Task item
The full listing is to be returned exactly as given, but without pictures.

Recorded data
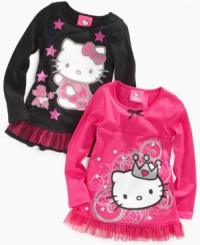 Keep her at the top of her style game with these long-sleeve graphic tees, with dainty mesh ruffles to add adorable flair. Keep her at the top of her style game with these long-sleeve graphic tees, with dainty mesh ruffles to add adorable flair.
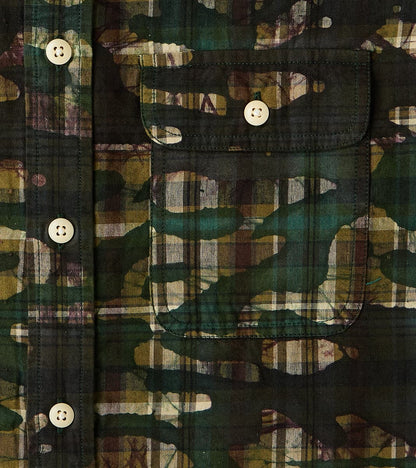 No.248 DR Field Pocket Utility Shirt - Handwoven Selvedge Stout Weave Madras - Olive Batik Camo Check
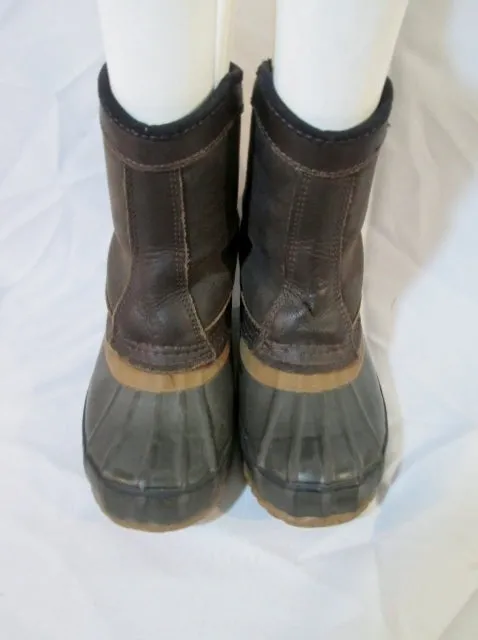 Mens G.H. BASS THERMOLITE Waterproof Rain Duck Boot 4 6 BROWN GREEN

The answer
 Keep her at the top of her style game with these long-sleeve graphic tees, with dainty mesh ruffles to add adorable flair. Keep her at the top of her style game with these long-sleeve graphic tees, with dainty mesh ruffles to add adorable flair.
 No.248 DR Field Pocket Utility Shirt - Handwoven Selvedge Stout Weave Madras - Olive Batik Camo Check
 Mens G.H. BASS THERMOLITE Waterproof Rain Duck Boot 4 6 BROWN GREEN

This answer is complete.